**WHAT YOU ARE ASKED TO DO:** The whole listing, please: repeat it exactly, with the pictures left out.

**INFORMATION PROVIDED:**
◆ ◆ ◆
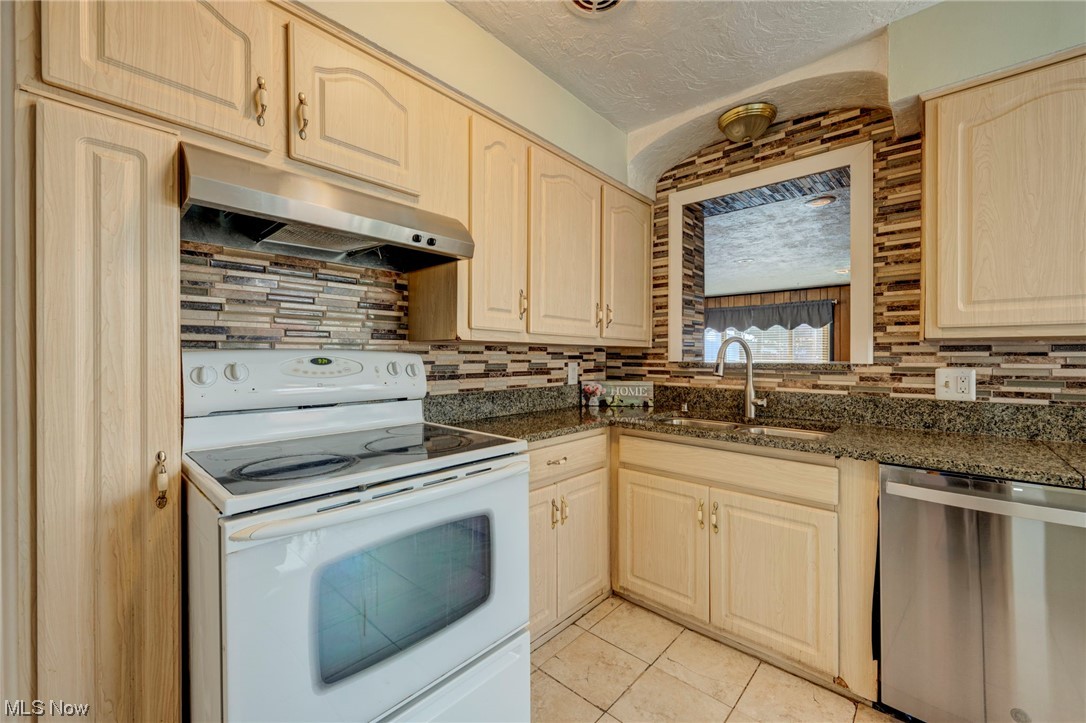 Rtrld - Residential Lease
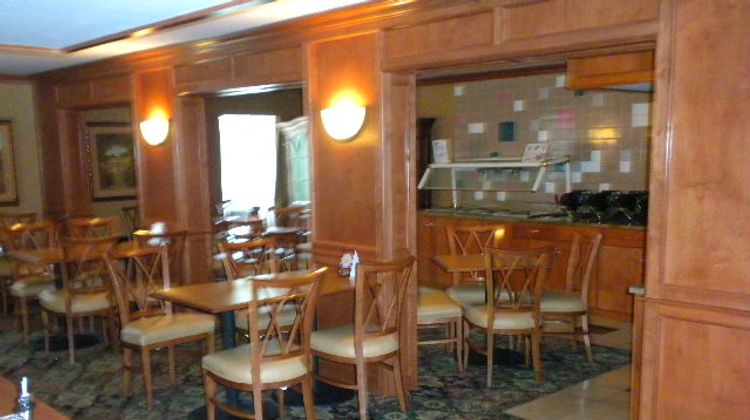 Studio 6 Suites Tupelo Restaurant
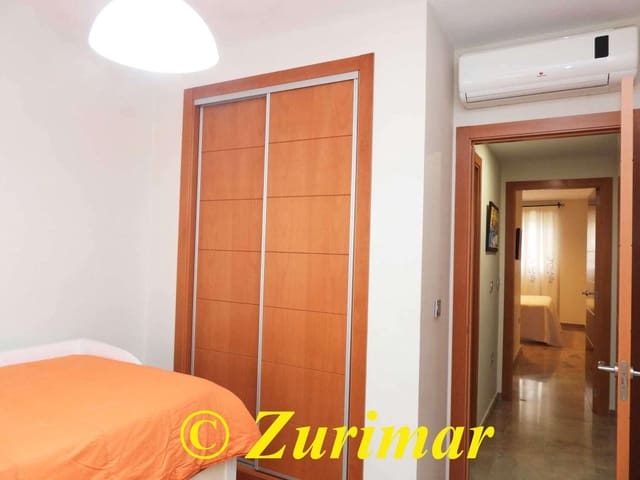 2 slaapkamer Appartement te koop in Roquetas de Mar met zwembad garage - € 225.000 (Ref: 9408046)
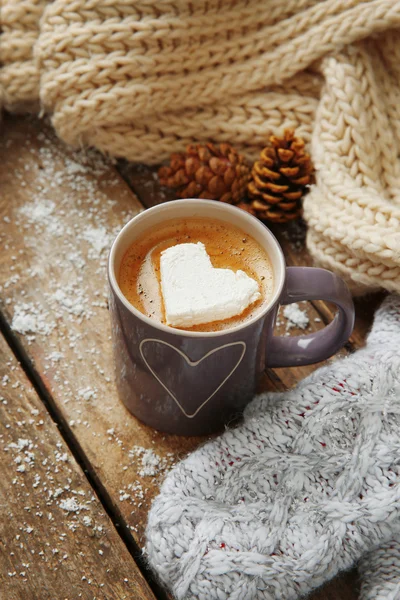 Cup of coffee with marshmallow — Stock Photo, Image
◆ ◆ ◆
**YOUR RESPONSE:**
 Rtrld - Residential Lease
 Studio 6 Suites Tupelo Restaurant
 2 slaapkamer Appartement te koop in Roquetas de Mar met zwembad garage - € 225.000 (Ref: 9408046)
 Cup of coffee with marshmallow — Stock Photo, Image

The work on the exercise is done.